If I understand option 1 correctly, this is simply saying that it is left to Lock::Async to do the queueing?

Yes, that's exactly what happens.

So long as we process one message at a time in a given supply and react instance (where the running of the supply or react blody block is considered a message too), then it should be fine.

From all I know that invariant is not broken. Each supply block is still guarded by a lock and no code path enters that supply block without requesting that lock.

I did a draft PR rakudo/rakudo#5200 that explores an alternative way to implement Supply.zip that passes all current spectests. It would be interesting to try it in combination with the deadlock fix; I think it should help.

I have requested a change on that draft PR. With that change make test and make spectest both succeeded. I have now created a PR with those changes in rakudo/rakudo#5202.

patrickbkr commented 1 year ago

I now consider https://github.com/rakudo/rakudo/pull/5202 ready for review. That PR passes make test, make spectest and the original deadlock in https://github.com/rakudo/rakudo/issues/5141. I have turned that deadlocking code into a roast test in https://github.com/Raku/roast/pull/833.

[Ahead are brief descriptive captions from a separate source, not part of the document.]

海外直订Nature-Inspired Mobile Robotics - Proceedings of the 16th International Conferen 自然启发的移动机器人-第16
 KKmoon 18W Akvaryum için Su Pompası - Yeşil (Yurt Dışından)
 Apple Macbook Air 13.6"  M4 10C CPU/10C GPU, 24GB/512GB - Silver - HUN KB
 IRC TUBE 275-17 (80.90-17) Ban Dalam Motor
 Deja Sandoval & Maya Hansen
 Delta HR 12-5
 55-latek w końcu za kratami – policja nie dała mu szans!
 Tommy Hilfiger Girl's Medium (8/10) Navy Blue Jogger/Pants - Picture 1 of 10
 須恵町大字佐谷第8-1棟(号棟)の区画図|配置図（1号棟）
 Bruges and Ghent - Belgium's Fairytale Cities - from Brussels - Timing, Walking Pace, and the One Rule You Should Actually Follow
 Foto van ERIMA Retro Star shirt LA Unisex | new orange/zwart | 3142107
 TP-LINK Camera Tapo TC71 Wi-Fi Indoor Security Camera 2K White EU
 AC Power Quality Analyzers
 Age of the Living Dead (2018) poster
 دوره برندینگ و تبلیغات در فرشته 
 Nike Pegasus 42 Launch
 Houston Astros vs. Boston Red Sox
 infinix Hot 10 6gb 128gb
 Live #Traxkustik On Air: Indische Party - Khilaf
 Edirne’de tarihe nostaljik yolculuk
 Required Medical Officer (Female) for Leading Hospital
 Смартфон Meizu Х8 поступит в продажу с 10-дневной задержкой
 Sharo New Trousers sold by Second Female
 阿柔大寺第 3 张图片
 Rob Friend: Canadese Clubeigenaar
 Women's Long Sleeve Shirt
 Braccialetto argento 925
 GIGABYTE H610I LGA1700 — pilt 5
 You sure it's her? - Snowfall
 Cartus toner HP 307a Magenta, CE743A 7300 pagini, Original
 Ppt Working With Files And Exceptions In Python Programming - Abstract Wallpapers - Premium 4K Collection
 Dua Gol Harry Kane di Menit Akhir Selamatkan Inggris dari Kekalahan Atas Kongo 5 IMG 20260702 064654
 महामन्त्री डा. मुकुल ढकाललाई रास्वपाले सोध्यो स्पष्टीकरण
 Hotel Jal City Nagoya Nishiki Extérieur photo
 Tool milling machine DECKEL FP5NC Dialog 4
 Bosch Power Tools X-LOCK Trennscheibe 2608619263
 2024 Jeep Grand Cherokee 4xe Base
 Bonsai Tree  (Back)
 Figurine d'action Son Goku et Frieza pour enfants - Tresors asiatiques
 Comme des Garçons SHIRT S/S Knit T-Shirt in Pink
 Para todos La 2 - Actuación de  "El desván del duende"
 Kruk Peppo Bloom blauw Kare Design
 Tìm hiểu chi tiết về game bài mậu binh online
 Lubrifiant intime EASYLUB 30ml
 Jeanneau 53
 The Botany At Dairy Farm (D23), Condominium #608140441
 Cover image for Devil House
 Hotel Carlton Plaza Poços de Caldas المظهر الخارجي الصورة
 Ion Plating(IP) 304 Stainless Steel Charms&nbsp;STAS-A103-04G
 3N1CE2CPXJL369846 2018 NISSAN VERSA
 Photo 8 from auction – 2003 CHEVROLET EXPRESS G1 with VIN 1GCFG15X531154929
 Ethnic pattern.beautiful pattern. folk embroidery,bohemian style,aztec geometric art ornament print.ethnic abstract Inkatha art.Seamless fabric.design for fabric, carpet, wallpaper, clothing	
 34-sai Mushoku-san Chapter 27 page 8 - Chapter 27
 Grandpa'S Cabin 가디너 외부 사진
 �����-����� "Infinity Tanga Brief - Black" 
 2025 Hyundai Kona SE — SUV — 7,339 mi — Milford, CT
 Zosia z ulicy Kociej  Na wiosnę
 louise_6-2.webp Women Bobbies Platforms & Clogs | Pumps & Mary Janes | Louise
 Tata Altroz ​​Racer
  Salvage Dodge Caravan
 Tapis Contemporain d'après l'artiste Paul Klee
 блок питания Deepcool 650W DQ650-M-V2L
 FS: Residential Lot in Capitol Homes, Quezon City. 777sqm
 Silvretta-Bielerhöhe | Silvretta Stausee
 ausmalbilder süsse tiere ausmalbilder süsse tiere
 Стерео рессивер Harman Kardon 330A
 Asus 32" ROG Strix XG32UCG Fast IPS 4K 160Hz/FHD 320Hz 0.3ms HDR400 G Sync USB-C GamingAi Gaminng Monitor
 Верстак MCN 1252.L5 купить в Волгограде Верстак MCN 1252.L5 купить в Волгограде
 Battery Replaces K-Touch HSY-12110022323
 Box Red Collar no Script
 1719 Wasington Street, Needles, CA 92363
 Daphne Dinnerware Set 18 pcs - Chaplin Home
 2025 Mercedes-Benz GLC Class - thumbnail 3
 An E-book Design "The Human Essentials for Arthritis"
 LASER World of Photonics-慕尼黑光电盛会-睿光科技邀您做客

The PR contains one controversial change in behavior: In https://github.com/patrickbkr/rakudo/commit/547839200a772e26ea164e9d1fd8c9cd4a5c2d9f the recursion breaking logic and Lock::Async::protect-or-queue-on-recursion was originally implemented. The commit message states: "A holder's recursion competes fairly with outside messages, thanks to the queueing being through Lock::Async." This is not true anymore, as the queued code objects are now synchronously called and not put on the thread pool anymore.

This issue and the PR are now blocking on feedback / approval. @jnthn I think you have the deepest insight in that area of Raku. Thus I'd like to have your approval before going forward with my changes.

patrickbkr commented 9 months ago

I've merged the proposed fix and respective test in https://github.com/rakudo/rakudo/pull/5202 and https://github.com/Raku/roast/pull/833 We now have a full month time to find any regressions.

patrickbkr commented 9 months ago

Now that the changes have been merged, what do we do with this issue? Do I need to condense all the comments into some prose and do a problem-solving PR?